Last month, Eindhoven University of Technology (TU/e), one of the global top 50 universities in the field of Engineering & Technology in the QS World University rankings, published the article “Netherlands tames the light in photonic chips” announcing the launch of the Photonic Integration Technology Center (PITC), an R&D lab focused on accelerating the development of integrated photonics technology. 

As Head of Partnerships at The Coretec Group, I am constantly scanning the globe for technical expertise and partnerships to advance our products. Having been involved with commercialization of early stage technologies for almost 20 years, my passion and focus is finding the right strategies to make that happen, and it is for this exact reason that I found what TU/e is doing so interesting.   

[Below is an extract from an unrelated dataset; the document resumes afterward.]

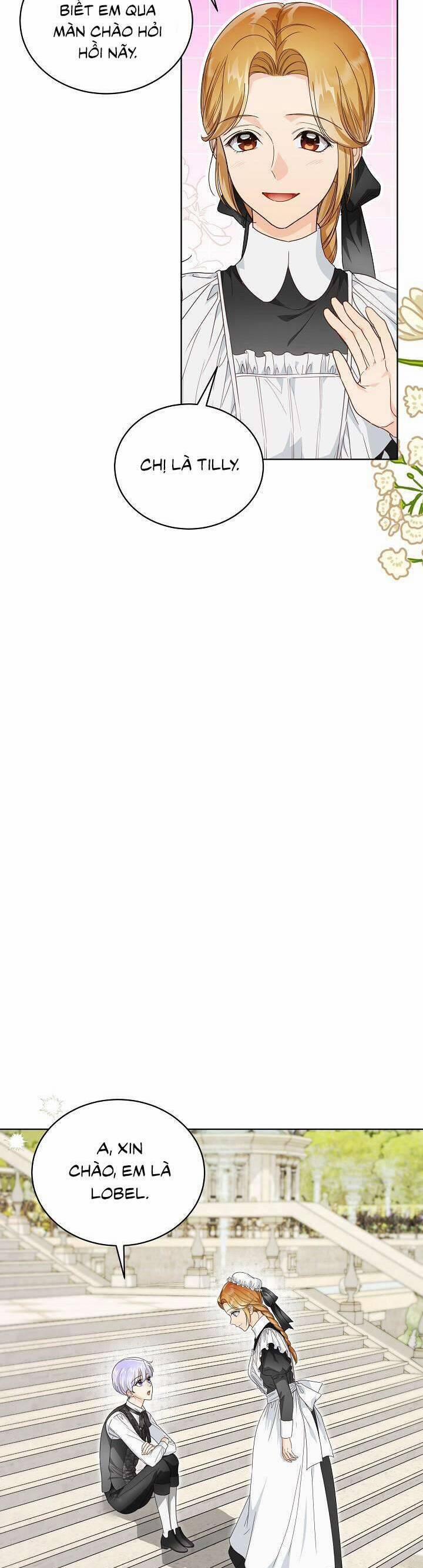 Sống Sót Qua Sự Ám Ảnh 36 trang 23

After earning my Ph.D. in Materials Science and a dual Master’s degree in Mechanical Engineering and Materials Science from the University of Michigan in Ann Arbor, I co-founded a tech startup based upon my doctoral work, and have been immersed in startups ever since. As a technical and business mentor to entrepreneurs, and a regular reviewer for the National Science Foundation of early-stage technology grant proposals for small businesses, what I find intriguing, and repeated time and time again, are the typical strengths and shortcomings in academic approaches to commercialization.   

Quite often there is an ocean between the early stage, proof of concept products typical in universities and the more advanced prototypes needed in industry. This leap from proof of concept to prototype is often derailed by an incomplete understanding of the challenges associated with both the technical development and the business needs. These challenges range from an incomplete understanding of the value proposition as articulated by the customer and the supply chain and support needed to create the product to articulating the precise technology development milestones needed to satisfy the customers’ needs. It is for these reasons that academic and industry partnerships are so powerful. These partnerships enable each party to do what they do best – academia can remain focused on the technical development through rigorous scientific methodologies, while industry can validate the scalability and profitability of the technology. When each party is working in collaboration with the other, they are aware of each other’s goals and adjust accordingly. 

There are many premier academic institutions performing groundbreaking work in new technologies, and TU/e is one of those. TU/e’s announcement of the creation of the PITC creates that needed environment for partnerships and opens the door of opportunity for amazing advances in integrated photonics with a greater chance of commercialization. This partnership builds upon TUE’s stated objective of performing research that is closely aligned with industry needs. 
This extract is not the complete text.